動物を演じることについては「動物といっても、心の動きは人と同じ。本当はしゃべらないものが、しゃべっているところに面白みがある。飾りを付けながら、(いかに)リアリティーを出すかが醍醐味(だいごみ)ですね。体は小さいけど、エネルギーがギュッと集まっているイメージ。(演技が)ちょっとオーバーになるところはあるかもしれません」と話す。
英語版はギジェットの声優を米女優のジェニー・スレイトさんが務めた。沢城さんは、スレイトさんの声について「ハスキーかつセクシーな中低音だった」と感じたといい、「ギジェットを見ていると、可愛い声で演じたい!と思ったのですが、演出の方には『大人の女性というところは残したい』と言われました。うまく着地点が見つかっていればいいのですが」と語る。
沢城さんは、アニメだけでなく、映画や海外ドラマの吹き替え声優としても活躍している。以前は吹き替えとアニメの違いに悩んだこともあったというが、先輩である声優の山寺宏一さんの言葉をきっかけに気付いたことがあったという。沢城さんは「17歳くらいの時、アニメの現場では子役っぽい、吹き替えの現場ではアニメっぽいと言われていて、居場所は、どこにあるんだろう?と悩んでいた。山寺さんに、アニメと吹き替えの違いについて質問したことがあって、『関係ないよ。作品ごとだよ』と言われ、その通りだと感じました。すごく心に残る一言でした」と明かす。
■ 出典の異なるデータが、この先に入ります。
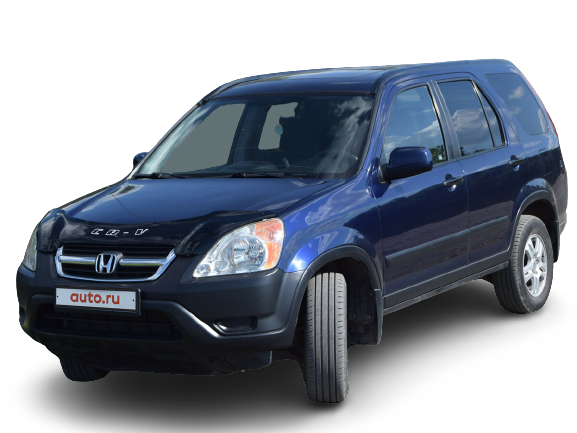 Оставить отзыв на Honda CR-V 2.4 AT (162 л.с.)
沢城さんは数々のアニメに出演している人気声優で“演技派”と呼ばれているが、インタビュー中は何度も「まだまだ試行錯誤中です」という言葉を口にしていた。「14歳のころから、とにかく明日の台本に一生懸命に取り組もうとやってきたら、今日になっていました。憧れている人にあって、自分にないものを埋めていくことを続けてきました。できていないことを一つ一つやってきたら、この年になってしまったんですね(笑い)」と語るように、演技に向き合う姿勢はストイックそのものだ。
「吹き替えは、最初から日本語をしゃべっているみたい……となるのが醍醐味。いつかそういう出会いができれば幸せですよね」と話す沢城さん。「ペット」の演技はもちろん、「試行錯誤」する中で変化していくであろう今後の活躍も注目される。